> _WHAT YOU NEED TO DO_:
Transcribe only the part of the material below that begins at the line containing "Bernini Brown Pied de Poule Suit with Vest" and ends at the line containing "Florence Flat Sandal", with both kept and images left out.

> _GIVEN RECORDS_:
[Start of section]

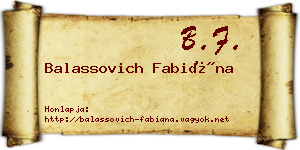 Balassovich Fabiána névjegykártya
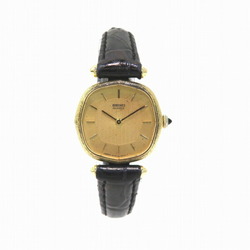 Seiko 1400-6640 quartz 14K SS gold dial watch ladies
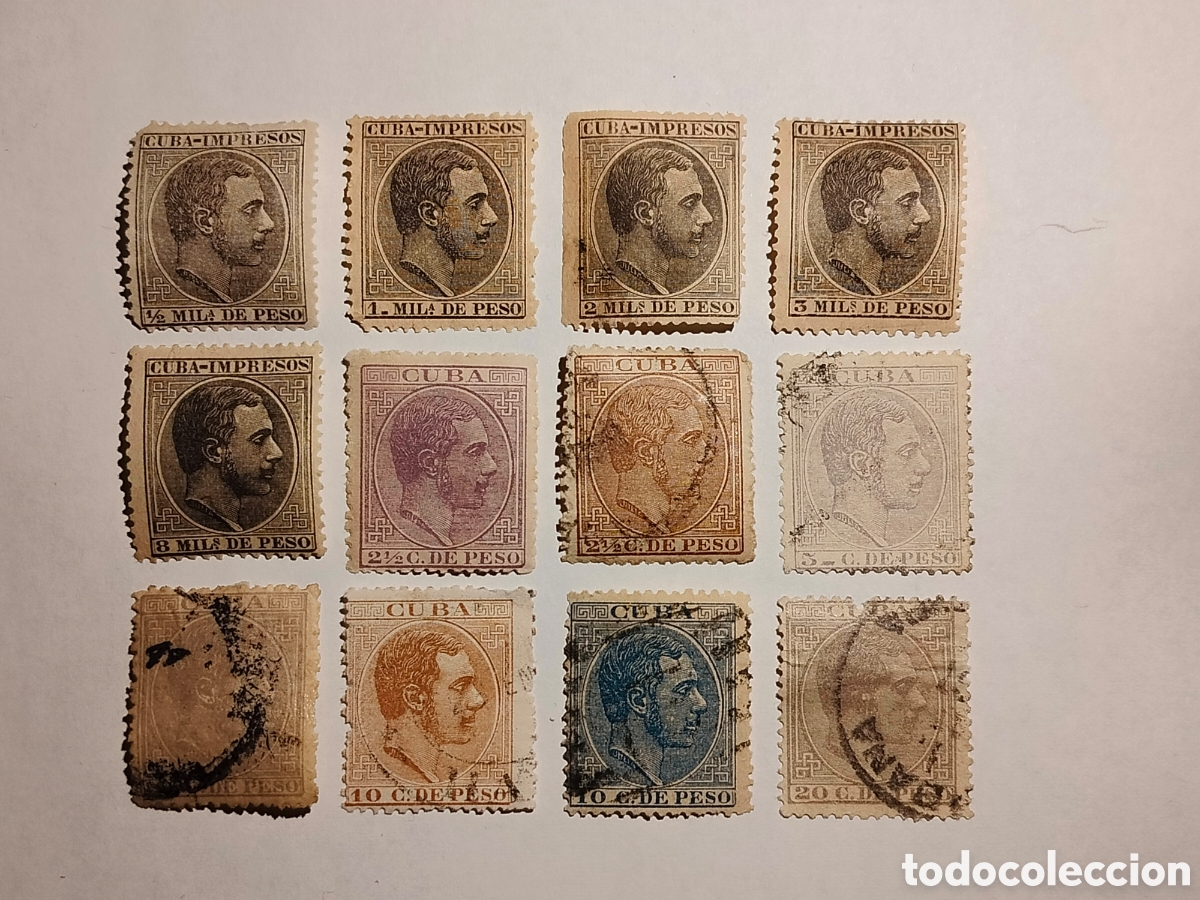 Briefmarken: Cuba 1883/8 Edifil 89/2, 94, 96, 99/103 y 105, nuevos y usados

[End of section]
[Start of section]

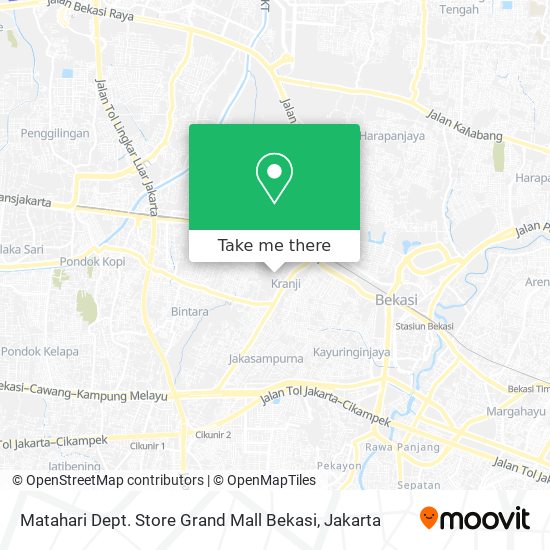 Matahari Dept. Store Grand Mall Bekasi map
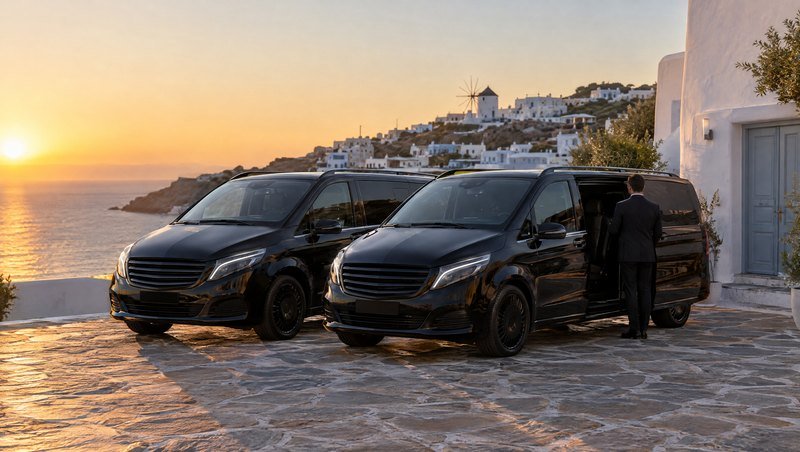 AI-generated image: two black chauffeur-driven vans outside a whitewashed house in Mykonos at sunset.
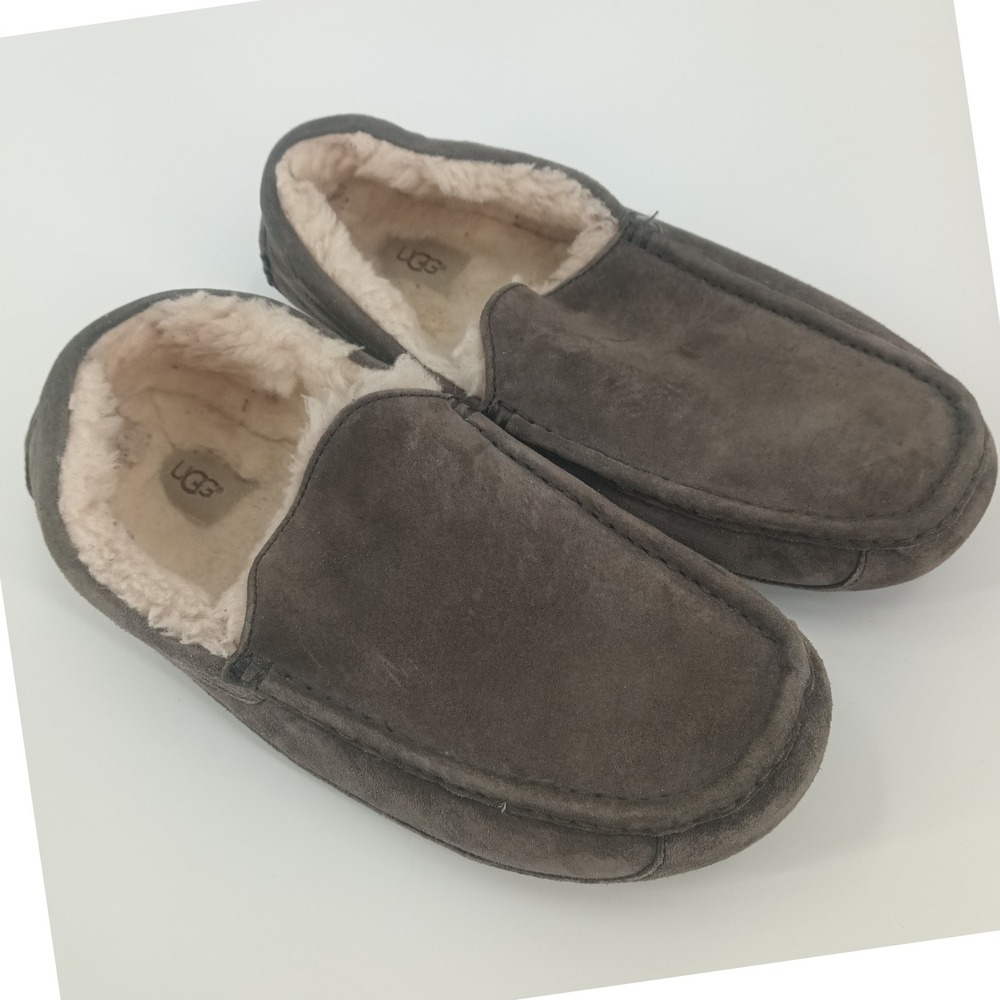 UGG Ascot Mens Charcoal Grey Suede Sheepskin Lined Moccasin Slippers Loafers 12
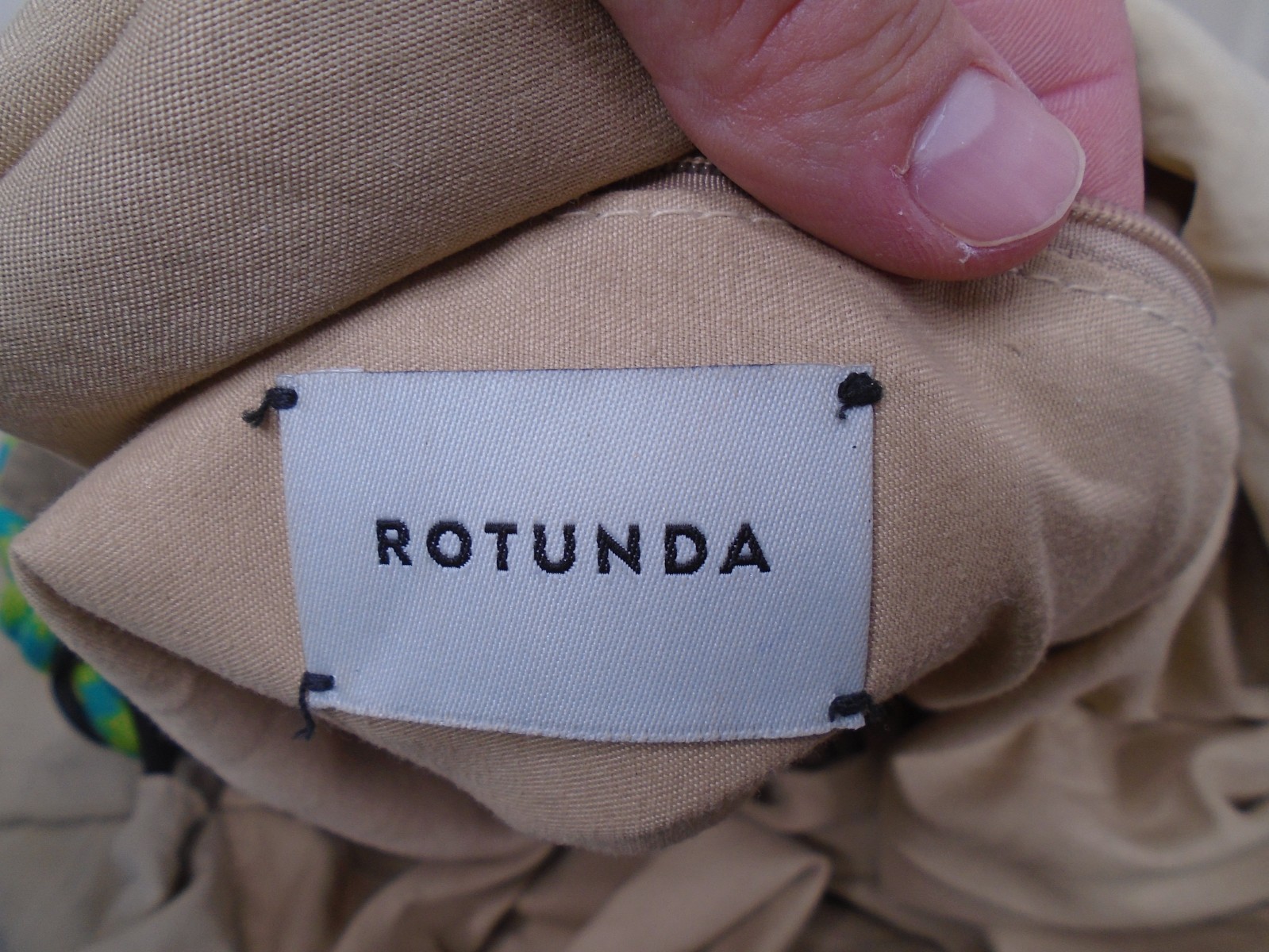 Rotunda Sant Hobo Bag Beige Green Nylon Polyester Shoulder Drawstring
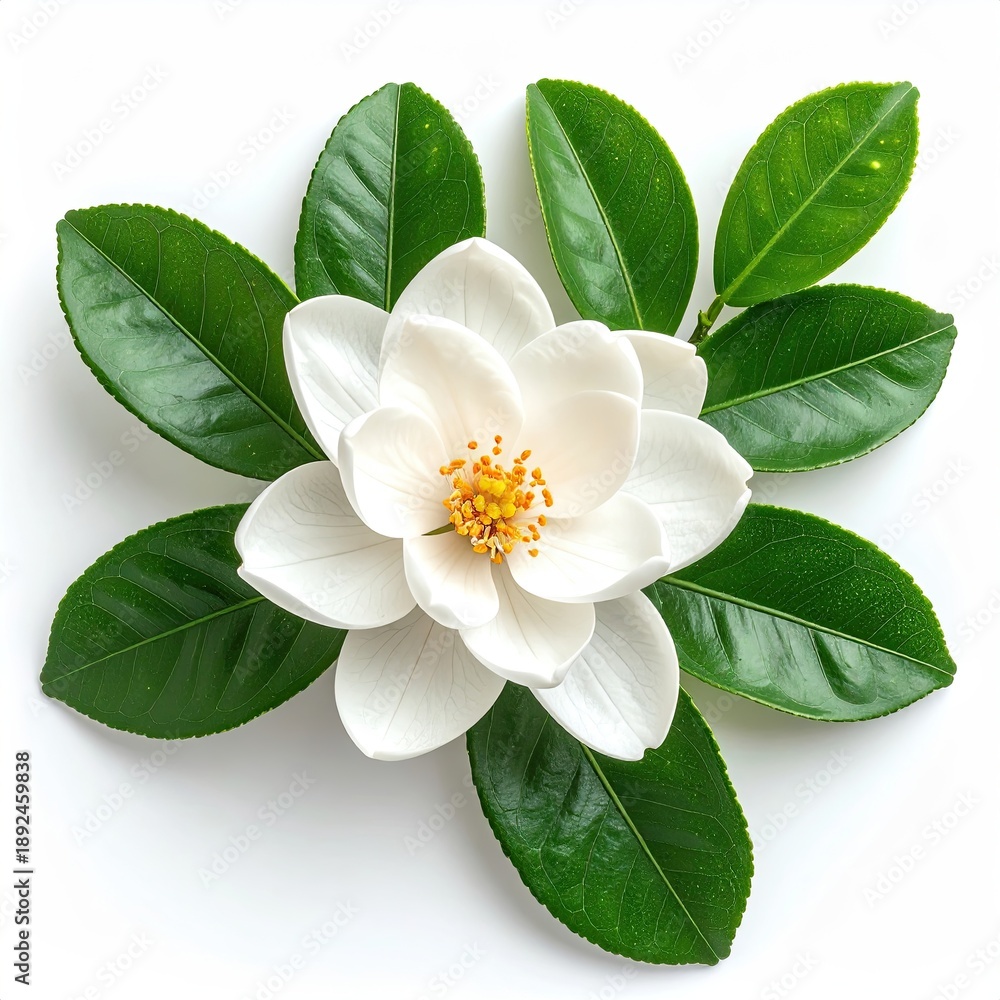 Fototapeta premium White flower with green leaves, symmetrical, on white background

[End of section]
[Start of section]

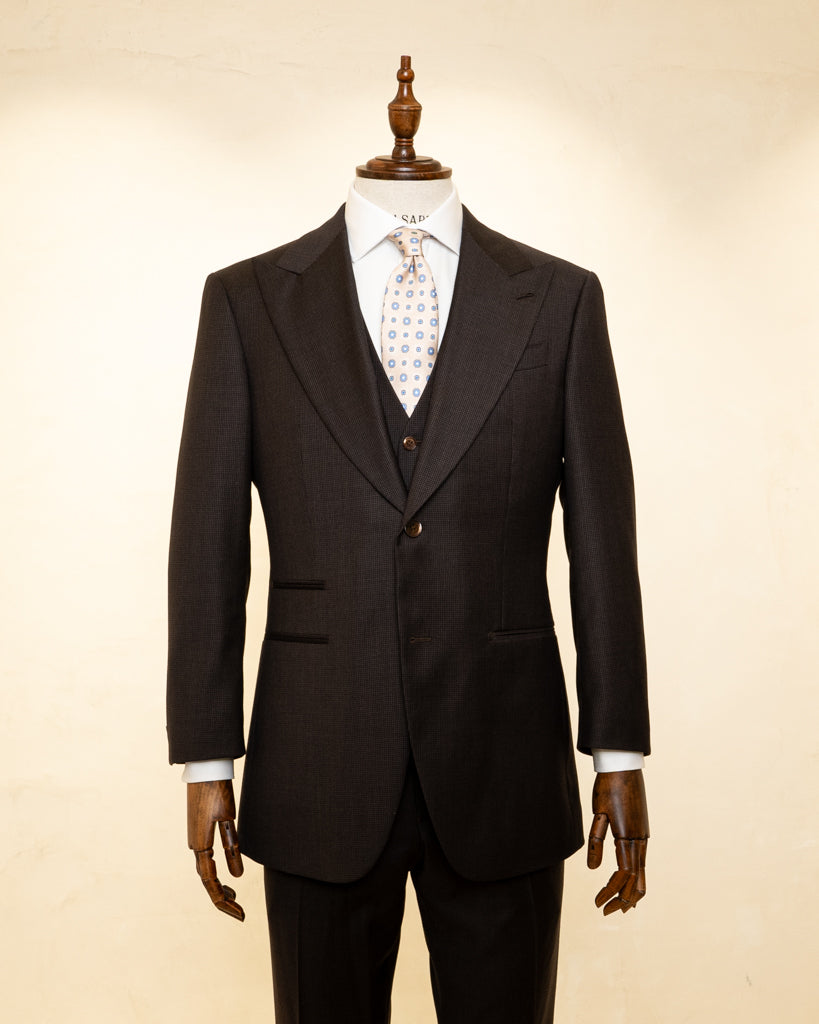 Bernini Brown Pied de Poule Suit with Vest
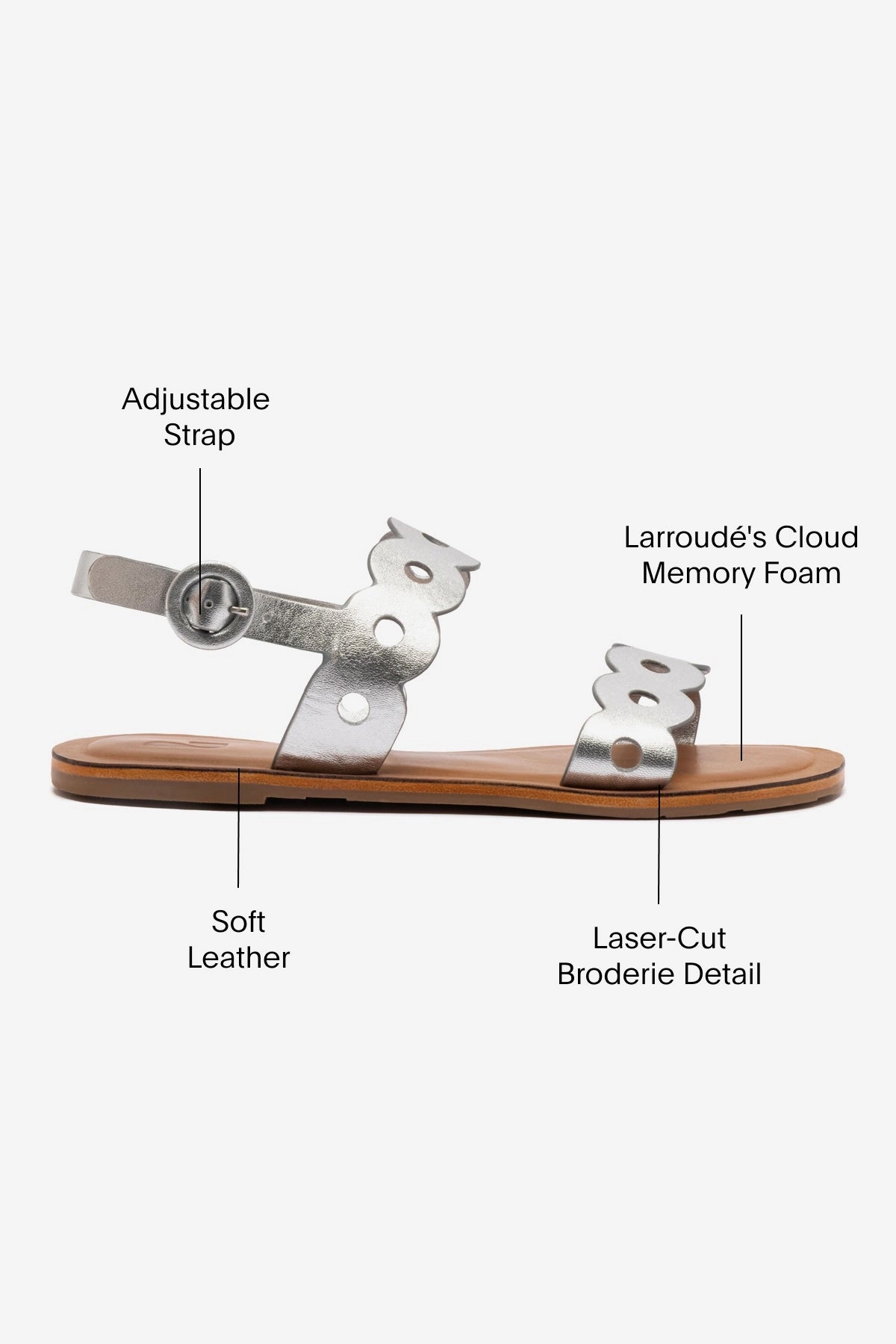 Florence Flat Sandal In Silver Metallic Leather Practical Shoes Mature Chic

[End of section]

> _OUTPUT BELOW_:
 Bernini Brown Pied de Poule Suit with Vest
 Florence Flat Sandal In Silver Metallic Leather Practical Shoes Mature Chic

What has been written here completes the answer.